### WHAT YOU ARE ASKED TO DO
The copy must hold every line from the one with "Zwei gehäkelte Osterhasen" through the end of the listing, word for word, and must hold no pictures.

### INFORMATION PROVIDED
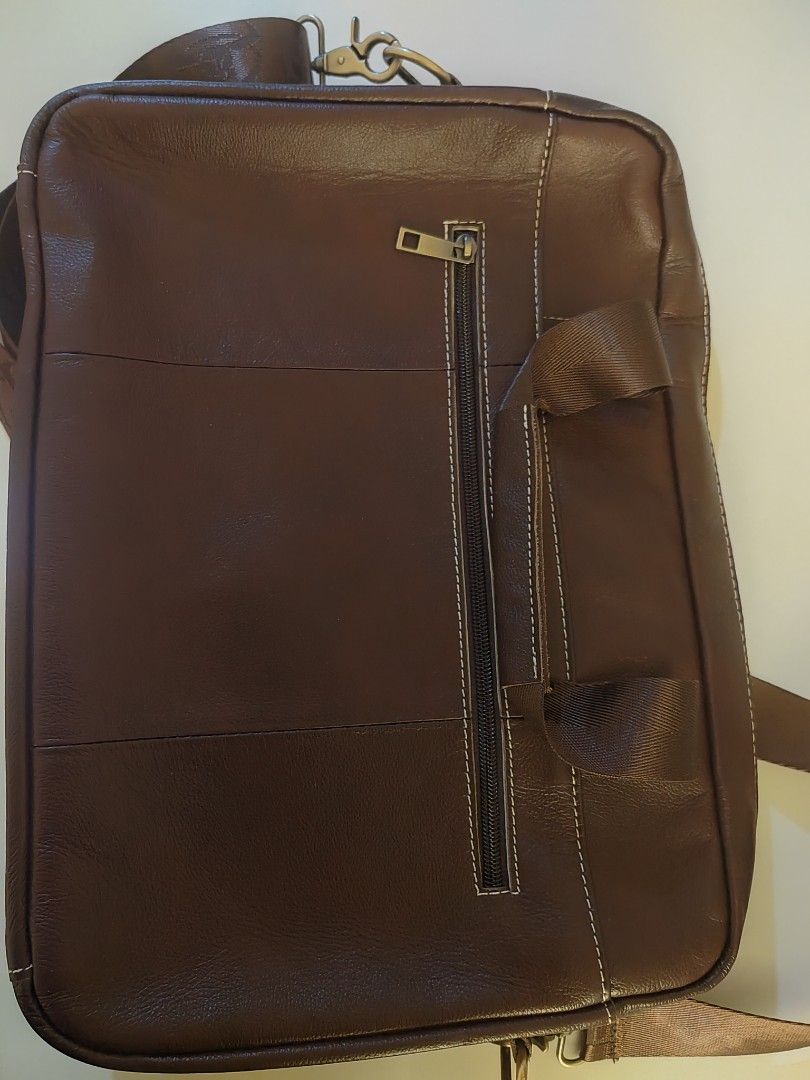 BULLCAPTAIN Genuine Leather Men's Briefcase (Category: Luxury Bags & Wallets) located in Makati City. Submitted by cmpasion (Listing ID 1307805281, Image 1). Description: New Genuine Leather bag Can accomodate 14.7" laptop. High quality business tote bag..
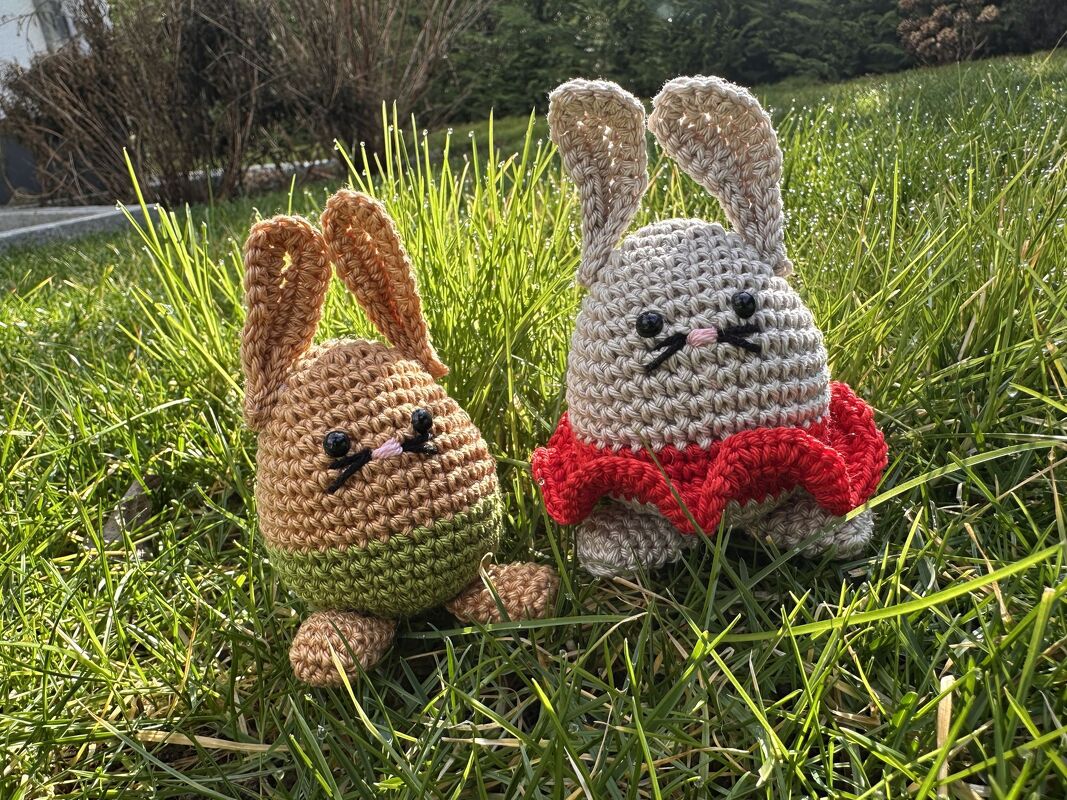 Zwei gehäkelte Osterhasen in Eiform im grünen Gras, einer braun-grün und einer beige mit roter Rüsche.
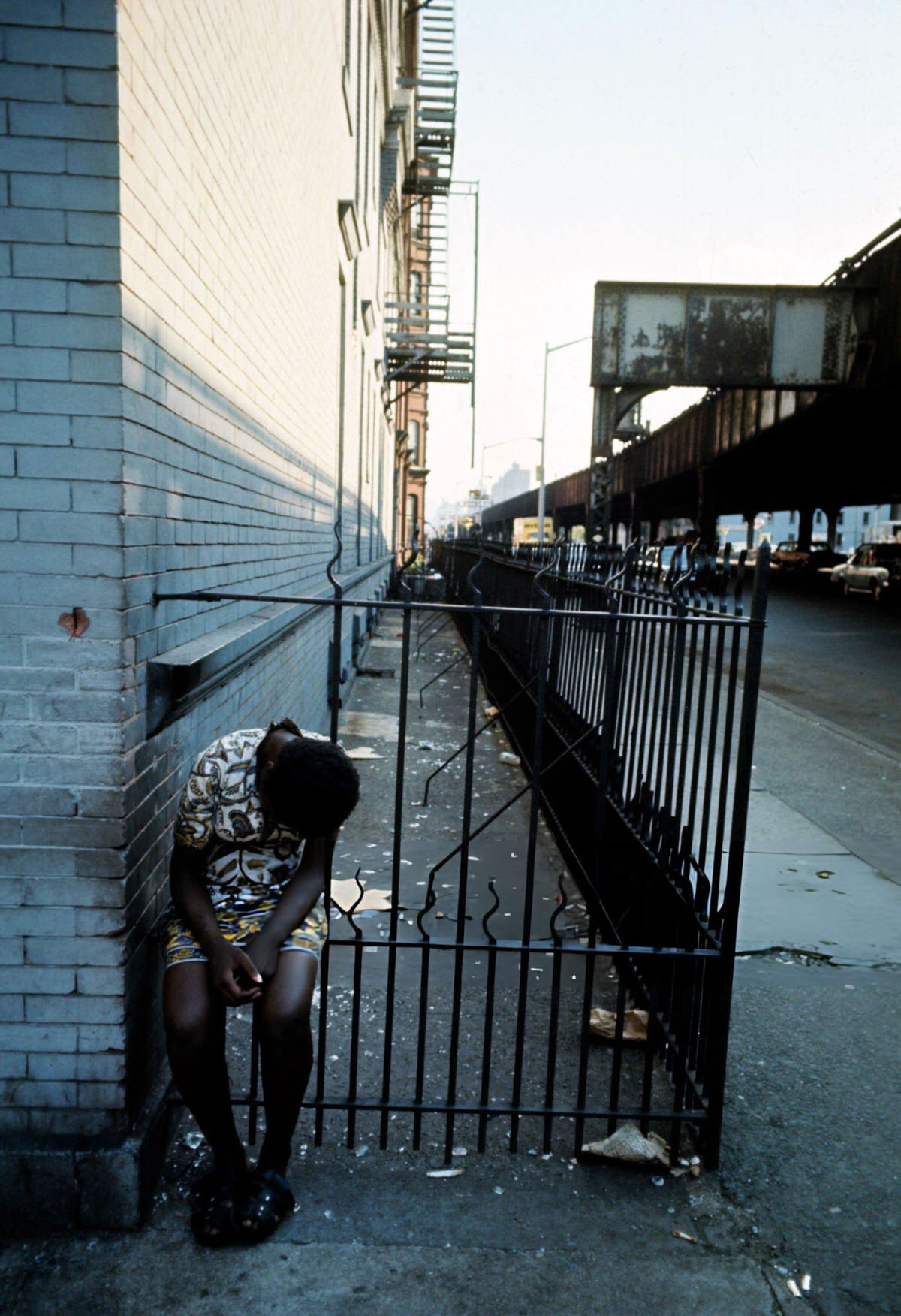 Young Woman Sitting On A Street Grate, Harlem, 1970.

### ANSWER FOR THIS EXERCISE
 Zwei gehäkelte Osterhasen in Eiform im grünen Gras, einer braun-grün und einer beige mit roter Rüsche.
 Young Woman Sitting On A Street Grate, Harlem, 1970.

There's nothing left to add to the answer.